LISTSERV mailing list manager LISTSERV 16.0

Help for ZNG Archives


ZNG Archives

ZNG Archives


[email protected]


View:

Message:

[

First

|

Previous

|

Next

|

Last

]

By Topic:

[

First

|

Previous

|

Next

|

Last

]

By Author:

[

First

|

Previous

|

Next

|

Last

]

Font:

Proportional Font

LISTSERV Archives

LISTSERV Archives

ZNG Home

ZNG Home

ZNG  May 2002

ZNG May 2002

Subject:

Re: Betr.: Ralph's Premises

From:

Alan Kent <[log in to unmask]>

Reply-To:

Z39.50 Next-Generation Initiative

Date:

Wed, 15 May 2002 12:12:02 +1000

Content-Type:

text/plain

Parts/Attachments:

Parts/Attachments

text/plain (256 lines)

On Wed, May 15, 2002 at 02:21:38AM +0200, Theo van Veen wrote:
> First I have to say that I appreciate the work being done on CQL and
> Explain. Nevertheless I think that we should make use of some new
> opportunities now we are defining a new query language.

I certainly agree its worth arguing through issues - it is the best
way to solve problems early on rather than later.

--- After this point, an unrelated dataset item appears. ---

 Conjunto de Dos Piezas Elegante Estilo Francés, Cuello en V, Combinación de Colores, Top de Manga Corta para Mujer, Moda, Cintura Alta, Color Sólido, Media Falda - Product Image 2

> First as a reaction on Ralph:
>
> >So, if I support both dc.title and bath.title and you send me
> >unqualified title, what do you expect me to do?  It just so happens
> >that I specified in my explain record that the default index set was
> >bath, but what if you were expecting it to be dc?
>
> What should the client do in this case? Explain to the user that
> there are different sorts of titles? Or just make an arbitrary choice
> for the user?

As I understand it, you (Theo) want a single concept of "title" in CQL.
(Please correct me if I am wrong!) If there is a single concept of
"title", then you don't need qualifiers.

The problem that others (including me) have expressed is that there is
not a single definition of "title". In Dublin Core there are defined
semantics for "title" (the name of a book etc). However, in another
application "title" might mean "Mr/Mrs/Ms/Dr/Sir" etc. Using prefixes
is therefore proposed to qualify "title" (such as "dc.title") to
disambiguate the meaning of "title".

There *are* multiple solutions to the problem (and using a prefix is
only one of them).

(1) Come up with a global namespace for *all* concepts (without prefixes)
    and the first person to come up with a meaning of "title" gets to use
    that name, and any later meaning that comes along needs to use a
    different name (e.g. "formal_title").

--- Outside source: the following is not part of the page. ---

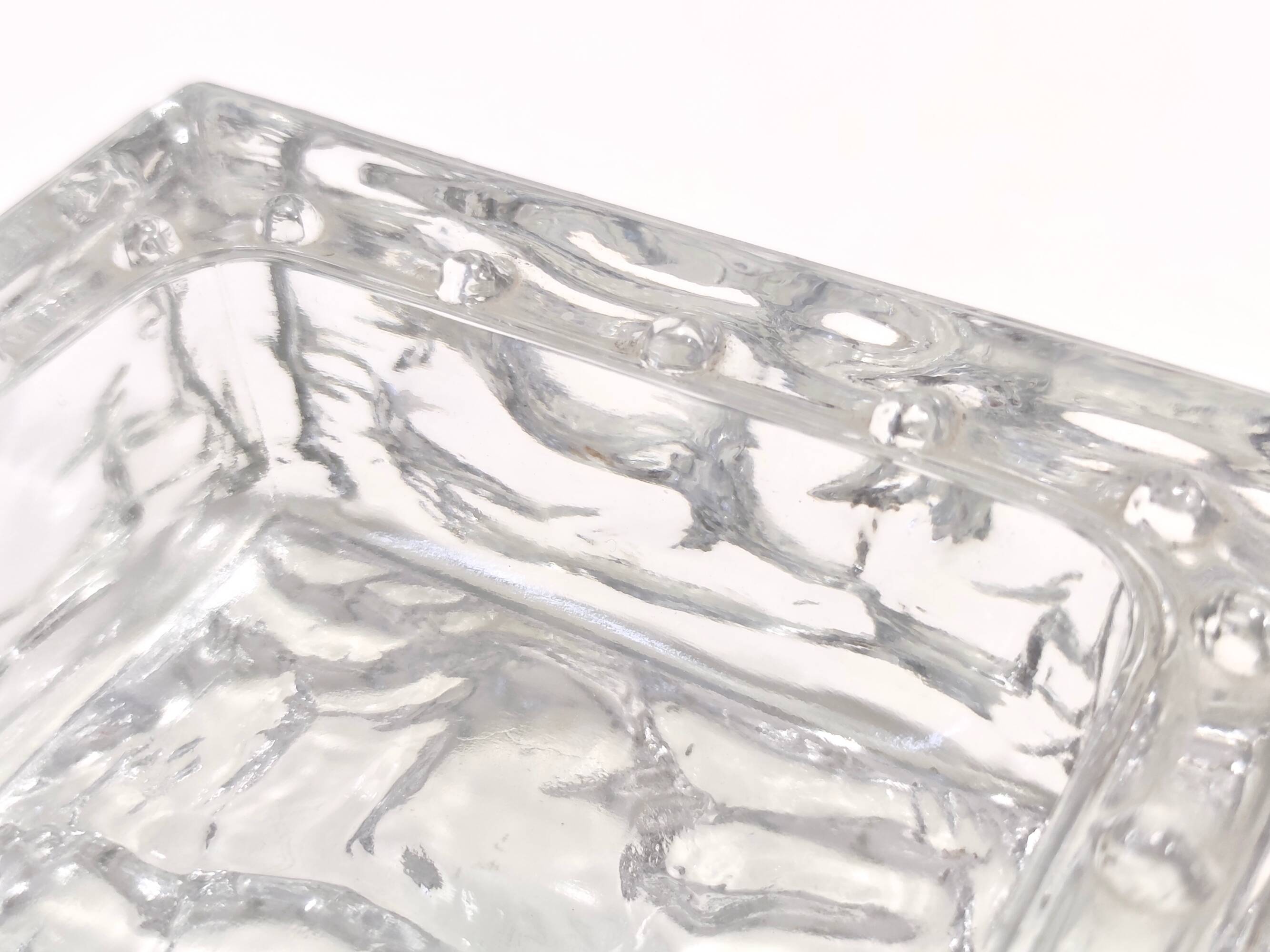 Vintage Square Transparent Molded Thick Glass Ashtray - Trinket Bowl, Italy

(2) Use explain on a server to work out what a particular server means
    by "title". That is, don't use the name "title" to work out the meaning.
    Instead have some other way of identifying the concept (such as a URI)
    then use explain to work out which index name a particular server
    uses for that concept (so I would look for "http://dc.org/title..."
    and find it was mapped to "title", but "http://human-name.org/title"
    was mapped to "formal_title").

(3) Introduce a prefix so a prefix is allocated to a semantic area where
    names must be unique in that area. Such as "dc" for Dublin Core.
    This could be viewed as a variation of (1) above - the names have just
    got longer "dc.title" instead of just "title". But there is a formalism
    to it - you must be allocated a unique prefix, then your group can
    define names under that group. (This is in effect what XML namespaces
    do by the way - but we are using a short prefix instead of a long
    URI to identify the namespace).

There are lots more variations I am sure.

Now there are also different usages of CQL.

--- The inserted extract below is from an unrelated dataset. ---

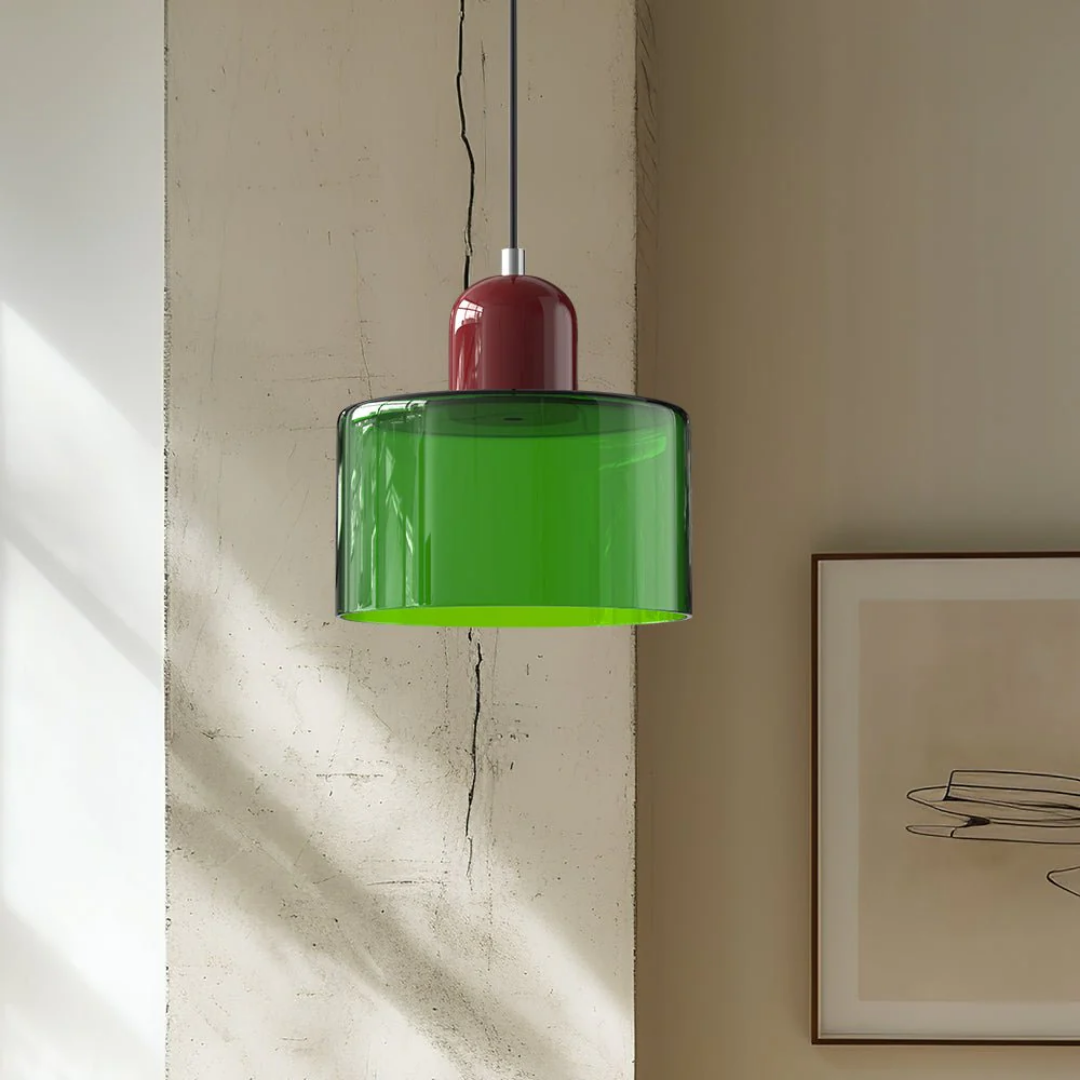 Retro glazen hanglamp Ø15 cm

(U1) A person has a single server they talk to all the time, and want to
     express queries using the full capabilities of that server.

(U2) A person wants to write a single query and send it to multiple servers.

I want to support both nicely.

Theo, question 1: do you think I have captured the different alternatives
correctly (with no comment on which is best - I just want to make sure I
am understanding the conceptual model that you want, and the models that
you do not want).

Of the above, I am against proposal (2) because I want to write a
single query that has a chance to work against multiple servers. If I
have to use explain, then I have to rewrite the CQL query per server.

I dislike (1) (a global namespace) because that is against the trend
of what Dublin Core etc are doing. I think its important to be able
to segregate the namespace of indexes.

However, to support usage U1, using qualifiers all the time *is* a pain.
I like being able to define local index names and not have to define
a public table and register a prefix etc. These names are frequently
not intended for cross collection searching. So I like the mix of
being able to define indexs with standard prefix names (with standard
semantics) and local unqualified names for which I can define my own
semantics as best suits the database I am building.

> dc is defined for description and not for searching.

I am sorry, I don't follow your point here. I would have thought that
describing/categorizing data is directly relevant to searching.

> But if it is supposed that a user will have a general
> understanding that dc.author means author, because he has an
> understanding of author, the prefix is not relevant and even
> misleading.

I think what people (including me) are saying is that "author" is
ambiguous unless you come up with a single definition of what "author"
means. Going back to the "title" example above, I think its clear there
is not an intuitive single definition of what "title" means to all
people. It would be a matter of specifying for CQL what "title" or "author"
means. So I disagree with the assertion that a simple index name
such as "title" or "author" is a clear definition of what the semantics
of the index are. I think the Dublin Core activities have demonstrated
this well. The started with 15 core elements, but soon realised that
life is not that simple, and simple names they first came up with
were not enought. So they introduced "qualified Dublin Core" with more
names.

> > > In my point of view not supporting Ralph's premises means
> > > not supporting prefixes. Or did I misunderstood previous
> > > discussions and
> > > is everyone already on this track?
> > Yes, I think you misunderstood.  I believe the consensus is
> > this:
> > 1.There will be some well-know prefixes, e.g., bath and dc, and
> >    you  won't have to use Explain to discover  a server-specific
> >   definition  for these.
>
> In this case a client has to know the prefix exactly. Searching for
> "dc.title:abc or bath.title:abc"  will return an error message if one of
> both is not supported.

Exactly. I think its better to report an error if a query has specified
something that a server does not know than return an incorrect result
because the server has misinterpreted the query due to different semantics.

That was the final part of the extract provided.